Following our recent discussion of p-values, Anne commented:
We use p-values for something different: setting detection thresholds for pulsar searches. If you’re looking at, say, a million independent Fourier frequencies, and you want to bring up an expected one for further study, you look for a power high enough that its p-value is less than one in a million. (Similarly if you’re adding multiple harmonics, coherently or incoherently, though counting your “number of trials” becomes more difficult.) I don’t know whether there’s another tool that can really do the job. (The low computing cost is also important, since in fact those million Fourier frequencies are multiplied by ten thousand dispersion measure trials and five thousand beams.)
That said, we don’t really use p-values: in practice, radio-frequency interference means we have no real grasp on the statistics of our problem. There are basically always many signals that are statistically significant but not real, so we rely on ad-hoc methods to try to manage the detection rates.
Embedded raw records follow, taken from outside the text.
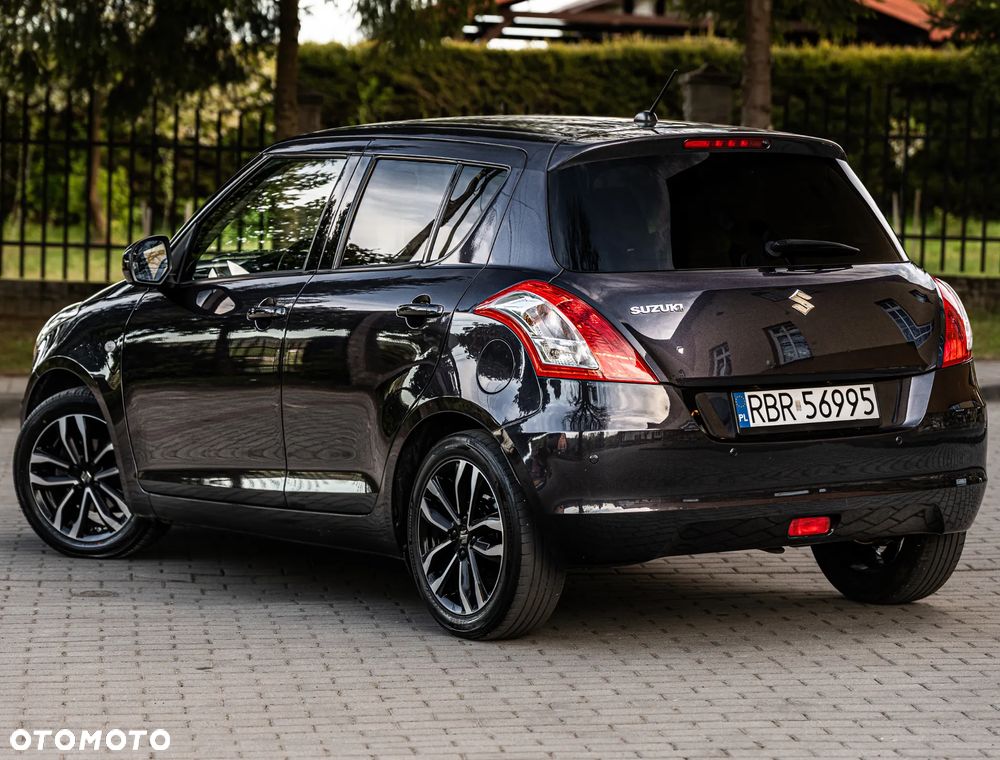 Suzuki Swift 1.2 X-TRA - 9
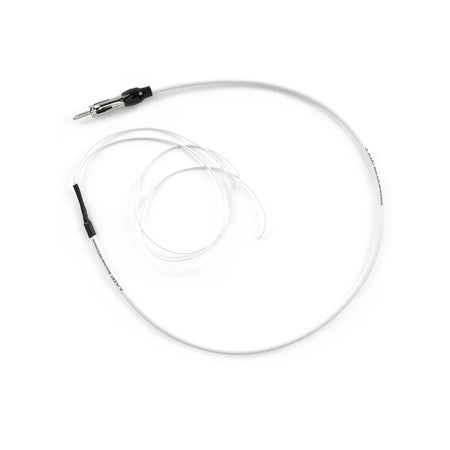 JL Audio XMD-WHTANT-AM/FM Hideaway AM/FM Antenna, For MM100s-BE/MM50, White Finish, Motorola-Type Male Plug — Quality Boat Parts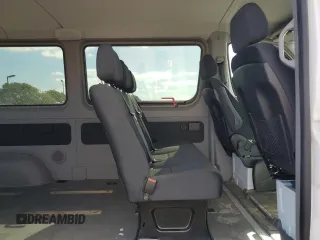 2016 Mercedes-Benz Sprinter Passenger with VIN 8BRPE7DDXGE123239, listed as a Copart auction lot 80139494 with 59,255 mi miles and Salvage Title. Bid and sale history available at carsss.com. Image 11.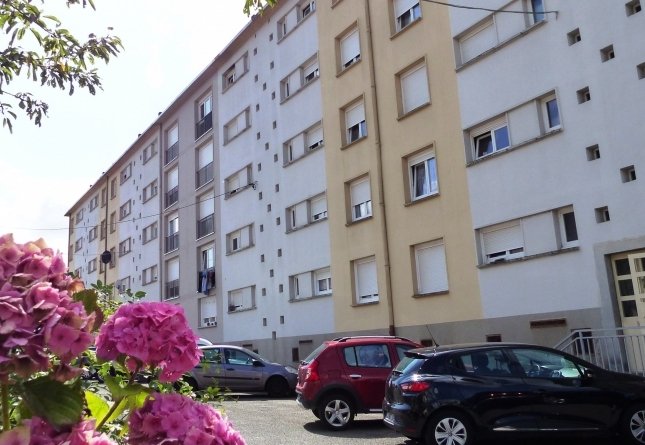 VILLERUPT T4 de 68 m2 à 296 €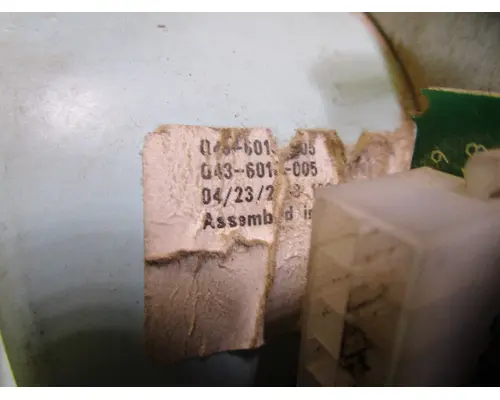 PETERBILT 377_Q43-6010-005 Speedometer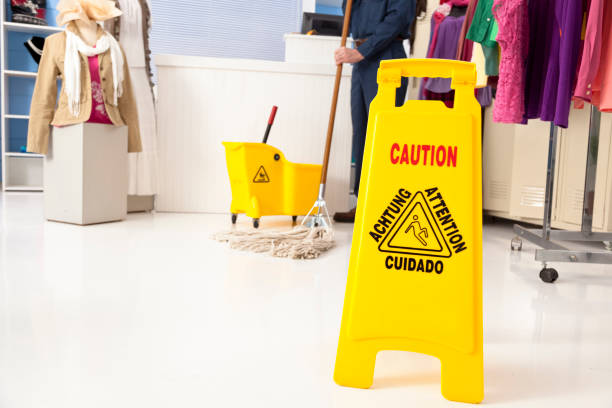 istock Disinfecting and Cleaning businesses. 1253311257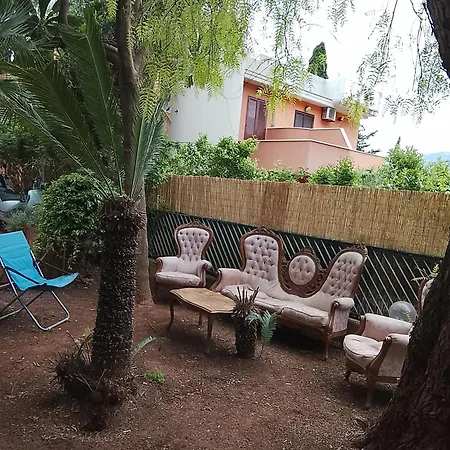Garden Sam * Palermo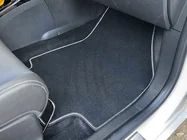 Renault Megane III 2009–2016 Textilné auto koberčeky Premium SW (čierne) fotografia 2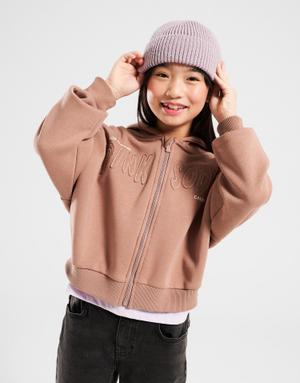 Pink&soda Bluza Rozpinana Z Kapturem Sage Crop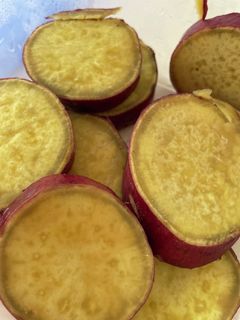 さつまいもの甘煮-レシピのメイン写真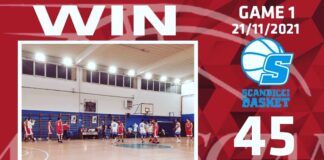 San Casciano Basket: la Prima Divisione riparte con il piede giusto. Vittoria all’esordio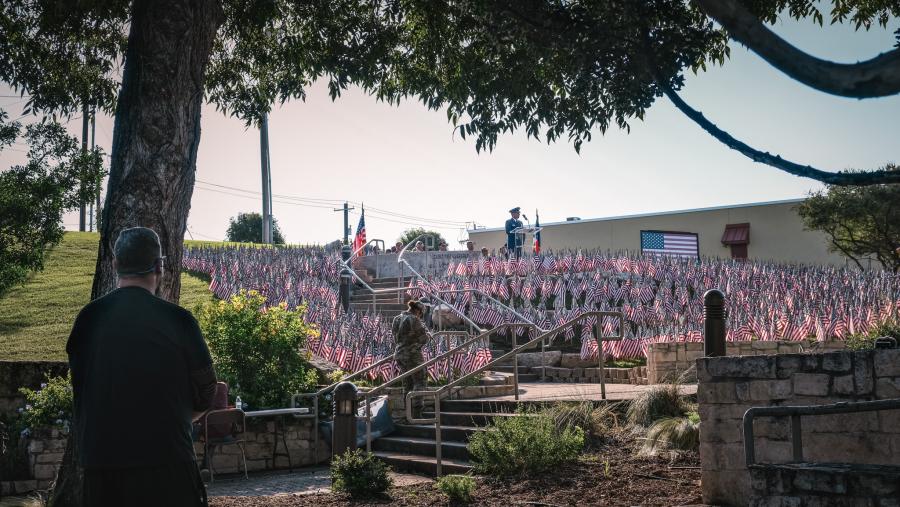 San Angelo 9/11 2025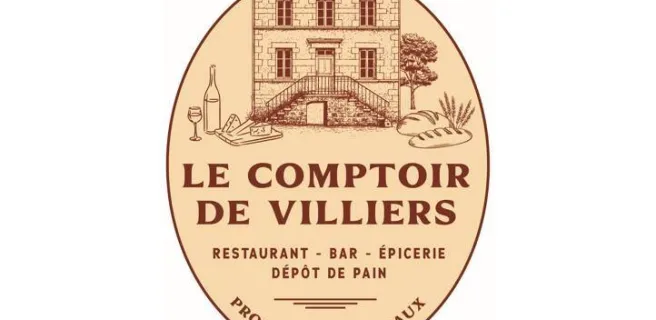 Le comptoir de Villiers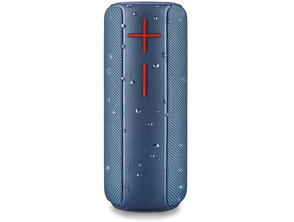 Altavoz con Bluetooth NGS Roller Nitro 2 20W/2.0 Azul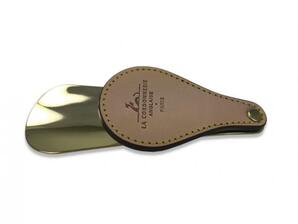 Brass Shoe Horn Saphir Mdaille d'Or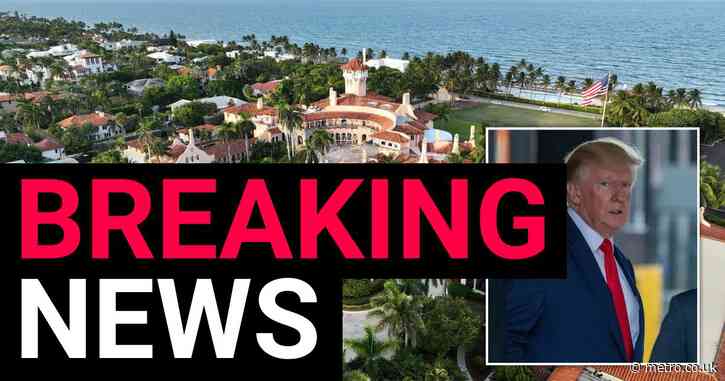 ‘FBI Seized Documents From Donald Trump’s Mar-a-Lago Two Months Before ...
I don’t know anything about astronomy–just for example, I can’t remember which way the crescent moon curves in its different phases during the month–but I can offer some general statistical thoughts.
My sense is that p-values are not the best tool for this job. I recommend my paper with Jennifer and Masanao on multiple comparisons; you can also see my talks on the topic. (There’s even a video version where you can hear people laughing at my jokes!) Our general advice is to model the underlying effects rather than thinking of them as a million completely unrelated outcomes.
The idea is to get away from the whole sterile p-value/Bayes-factor math games and move toward statistical modeling.
Another idea that’s often effective is to select as subset of your million possibilities for screening and then analyze that subset more carefully. The work of Tian Zheng and Shaw-Hwa Lo on feature selection (see the Statistics category here) might be relevant for this purpose.